Previously Unpublished Pre-Race Silliness:

Three days ago, I was working on a blog about how I was feeling in the days leading up to London, but I never finished it.  The meet hotel internet went down (due to a couple hundred homesick athletes using skype at the same time) and it never recovered. The basic idea was that I was feeling amazing two and three days before London and I didn’t know how to interpret the data.

A person who doesn’t overthink everything would probably say, “Awesome!  You felt amazing!  Go get ’em!”  Problem is, usually before a good race I feel terrible.  My final track workout before a competition is usually a slog-fest, with Coach gradually dumbing down the session to something I could have done as a 13 year old.  So imagine my confusion when I do this final session and feel…good.

The next day on my easy 7 miler I also feel good.  Running with an old friend I only get to see in London, we catch ourselves clipping along at a decent pace, and I have to remind myself to slow down with the race coming up two short days later.  This ease, this lightness, its just not natural!  Its making me uncomfortable to feel this good.

Day before race day, I head to the track for my 25 minute easy jog and 200’s and feel awful.  Ah, yes!  Finally! I think.  How sick and twisted is it that I’m relieved to feel like doo doo?  But that’s what so many runners I know do; we reference past experiences (good or bad) to take the mystery and stress out of the unknown future.  More often than not, we develop techniques to turn potential negatives into non-issues:

“I always sleep poorly the night before a race.  Its two nights before that really counts” says the kids I talked to the morning of Nike High School Nationals for cross country.

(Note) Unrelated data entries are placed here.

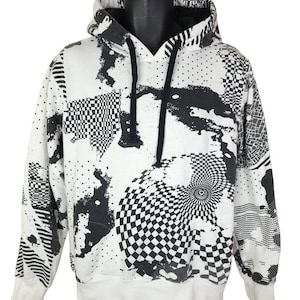 Black White Checked Sweatshirt Hoodie Vintage Y2K Streetwear Geometric Mens Size Medium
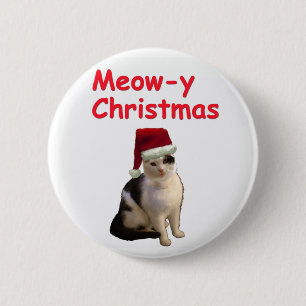 Meowy Christmas 2 Inch Round Button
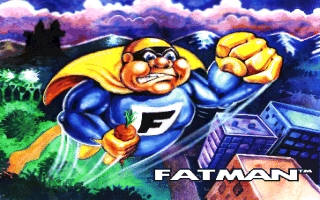 Title screen of Fatman: The Caped Consumer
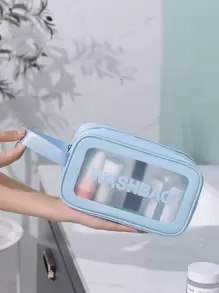 1pc Travel Portable Large Capacity Toiletry Bag, Carry-on Storage Organizer - Blue - View 4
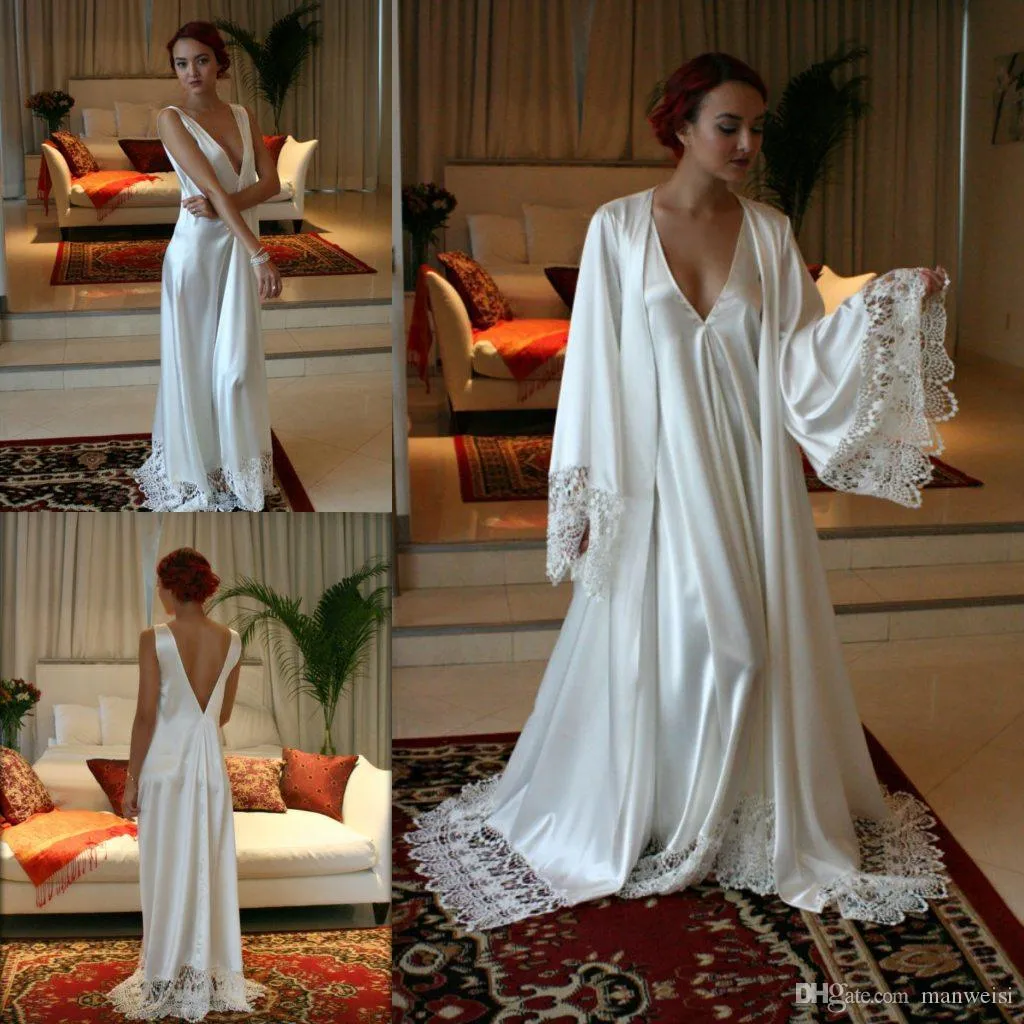 Två bitar Bridal Sleepwear Robes Custom Made Silk Satin Badrock Bröllopsfest Robe för Kvinnor Golvlängd Spets Nattklänning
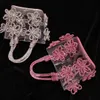 Shoulder Bags Women's summer transparent PVC diamond pink bow handDesigner Bag wallet luxury rhinestone Wedding party evening Designer caitlin_fashion_bags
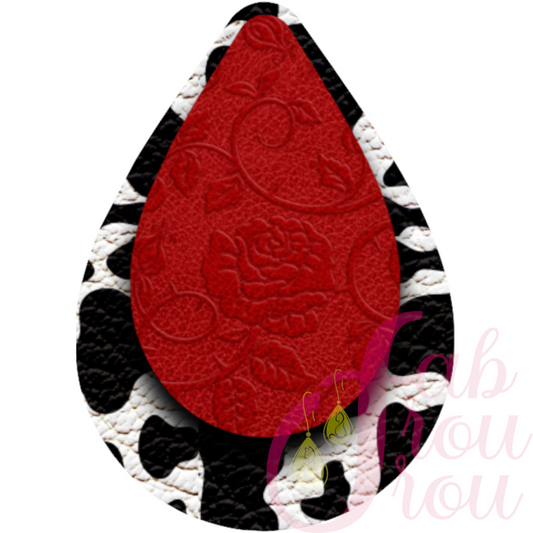 Red Leather Cow Print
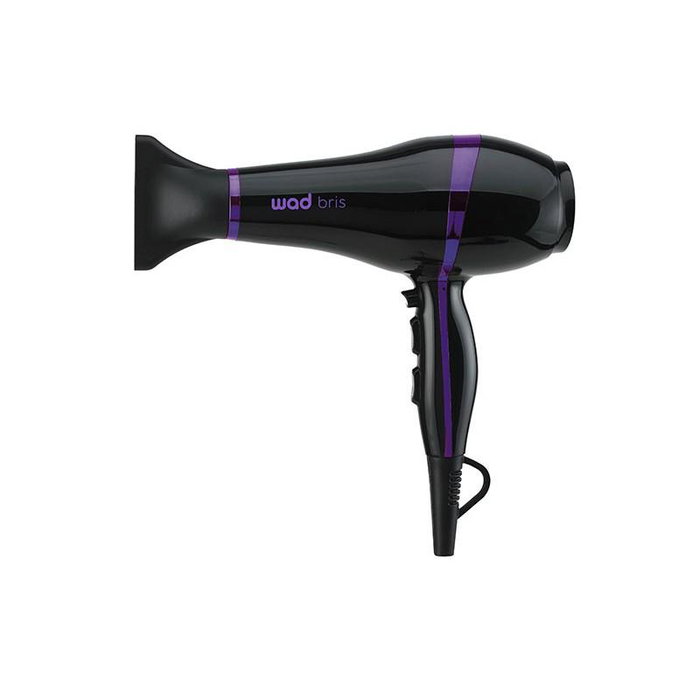 Wad Professional Beauty - Sèche-cheveux professionnel Bris, noir et lilas, 2100 W, ionique, 2 vitesses/3 températures, avec boquilles et diffuser Wad Professional Beauty - Sèche-cheveux professionnel Bris, noir et lilas, 2100 W, ionique, 2 vitesses/3 températures, avec boquilles et diffuser
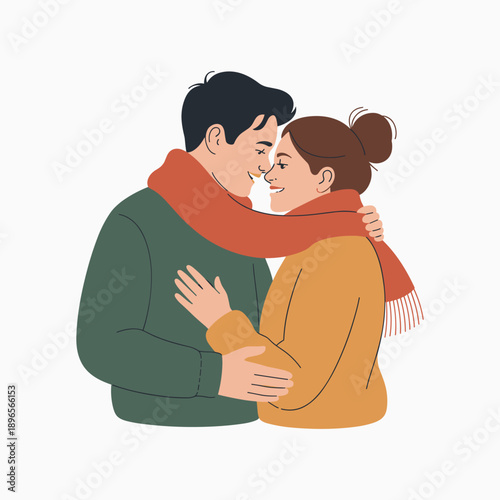 Romantic Couple Hugging Love Relationship Illustration Vector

“I always poop like a million times before my race.  Its nothing to be worried about” says a slightly green, multi-NCAA All-American on race morning.

“If I feel flat on my warmup, I know I’m going to have a good race,” says the USA Champion.

Does this mean you have to have insomnia, diarrhea and dead legs to run well?  Most certainly not.  But if you have those things before every good race and suddenly you don’t, its a little disorienting.

The Race:

I hardly slept the night before due to an upset stomach and a crazy headache: the kind that makes you rub your eyebrows and pull your bangs to get the pain to seep through the roots of the scalp.  Was it the glass of red wine I had the night before?  I always have a glass of red wine the night before and this never happens?  I crack open another bottle of Lucozade sports drink and try to hydrate it away.  Although after drinking four of these yesterday and a bunch of water, dehydration can’t possibly be the issue.

I get up for breakfast and go back to bed until noon until I realize the headache isn’t going away.  I wander through town to a pharmacy to find some Advil, and as I pick up another Lucozade, I read the label.  I have to use all my self-restraint to keep from throwing the damn thing against the shelves of neatly arranged pills and products: “contains aspartame.”  The English put that fake sugar crap in EVERYTHING!  At home, if I avoid anything “lite” or “diet” I’m good to go, but in England, even the full-sugar sports drink has it in there…why?  I’m incensed, (but at the same time relieved my headache isn’t due to red wine.)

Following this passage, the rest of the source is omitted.